Data records ▸
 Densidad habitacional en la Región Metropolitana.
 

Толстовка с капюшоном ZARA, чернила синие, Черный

--

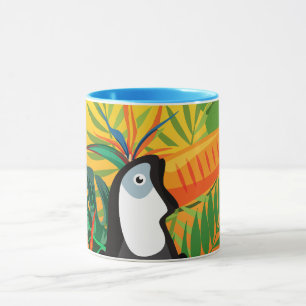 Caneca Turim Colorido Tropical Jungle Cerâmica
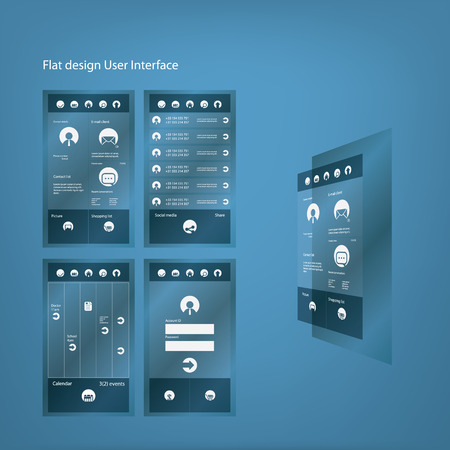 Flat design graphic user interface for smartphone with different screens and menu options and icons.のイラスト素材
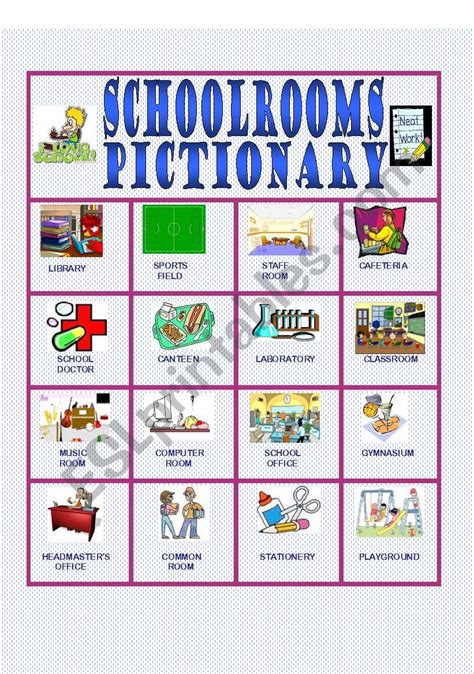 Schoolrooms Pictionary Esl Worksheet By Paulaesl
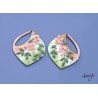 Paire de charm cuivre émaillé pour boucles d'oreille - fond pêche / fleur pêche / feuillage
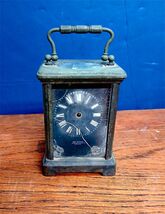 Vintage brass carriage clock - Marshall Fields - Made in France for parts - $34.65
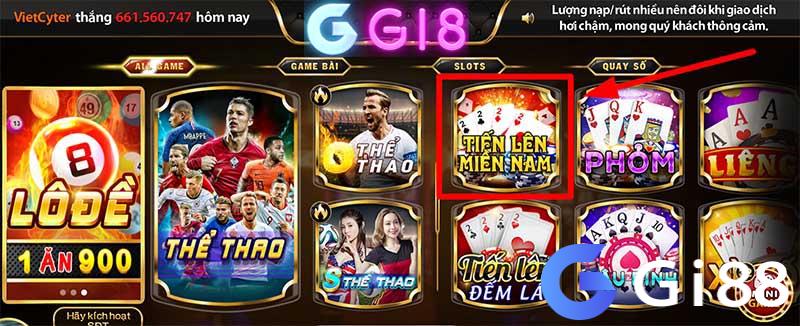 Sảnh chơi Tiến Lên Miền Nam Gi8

---

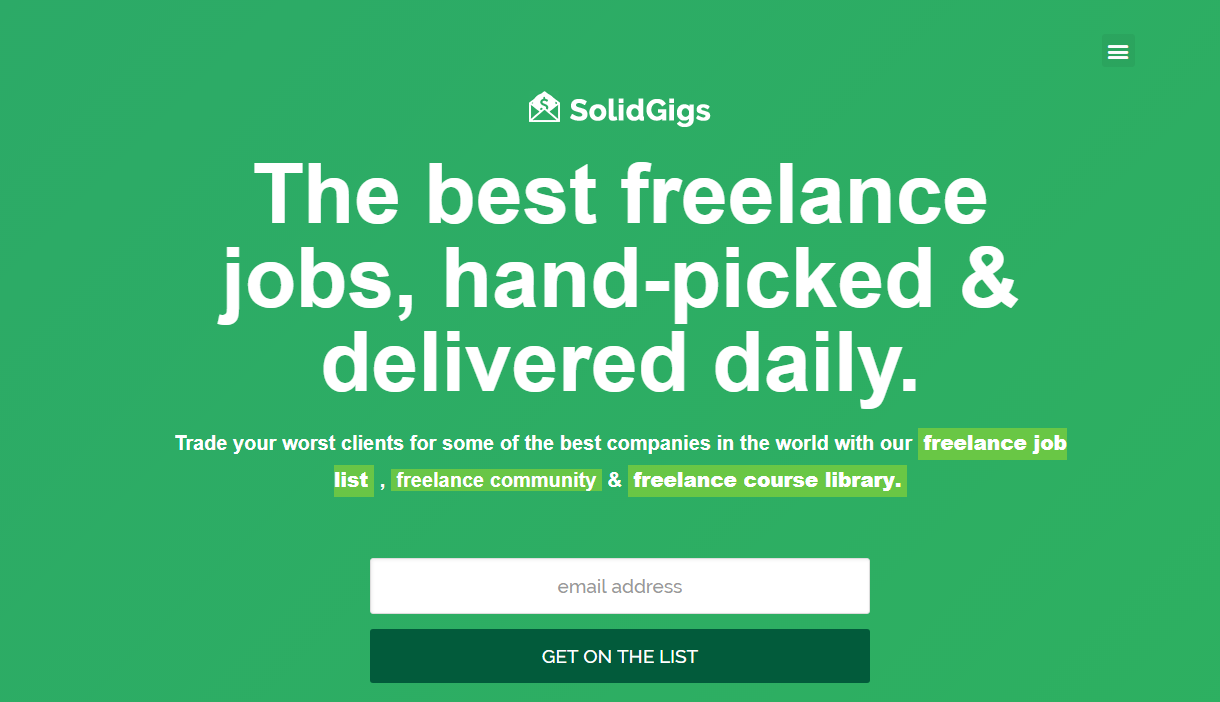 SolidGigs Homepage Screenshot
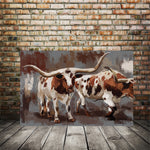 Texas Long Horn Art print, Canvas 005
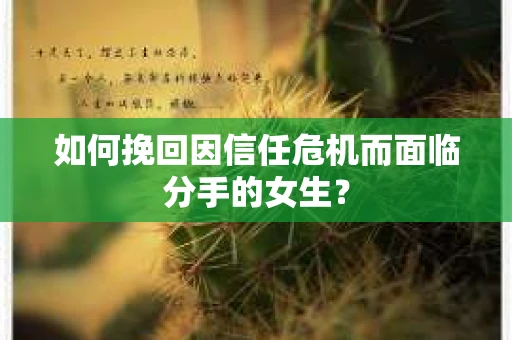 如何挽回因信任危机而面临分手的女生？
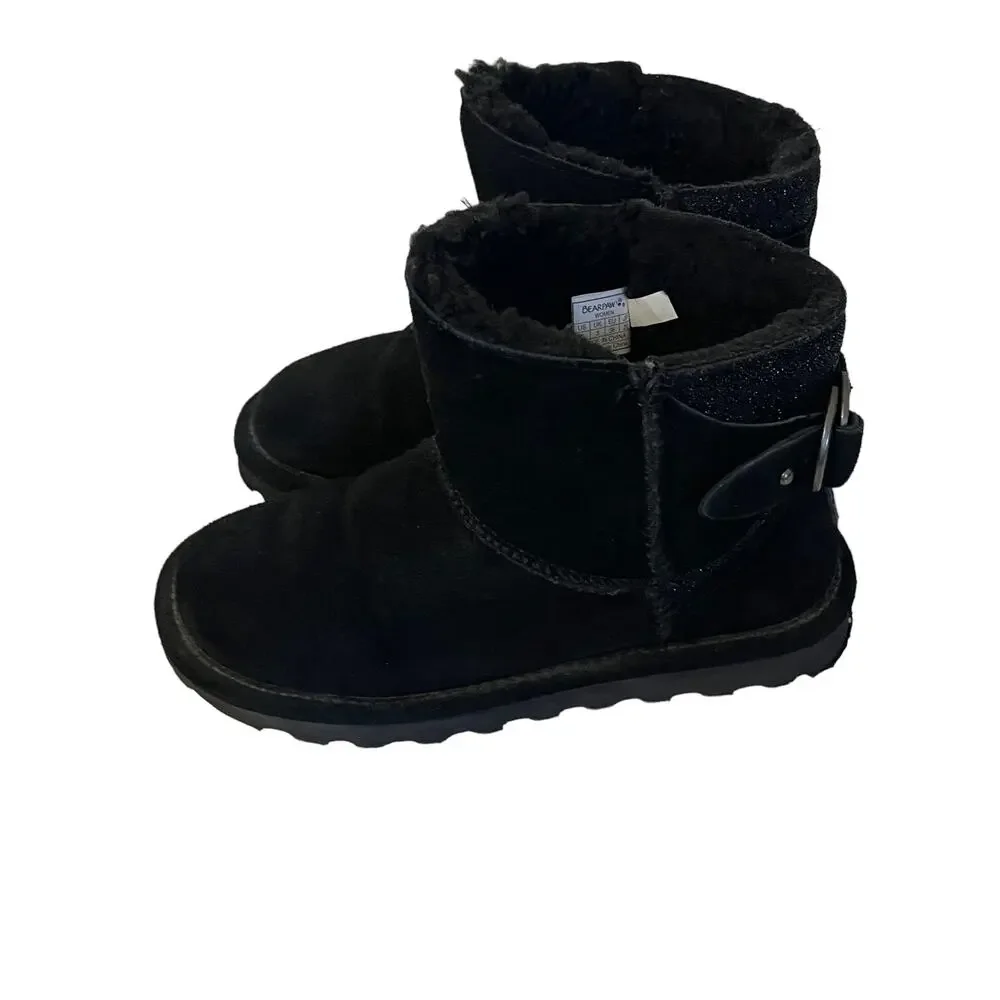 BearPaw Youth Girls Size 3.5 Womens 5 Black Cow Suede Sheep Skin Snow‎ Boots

What you will do ▸
Please write out, exactly as they appear above, only the lines in the stretch from the line with "Densidad habitacional en" through the line with "Толстовка с капюшоном".

Problem solution ▸
 Densidad habitacional en la Región Metropolitana.
 

Толстовка с капюшоном ZARA, чернила синие, Черный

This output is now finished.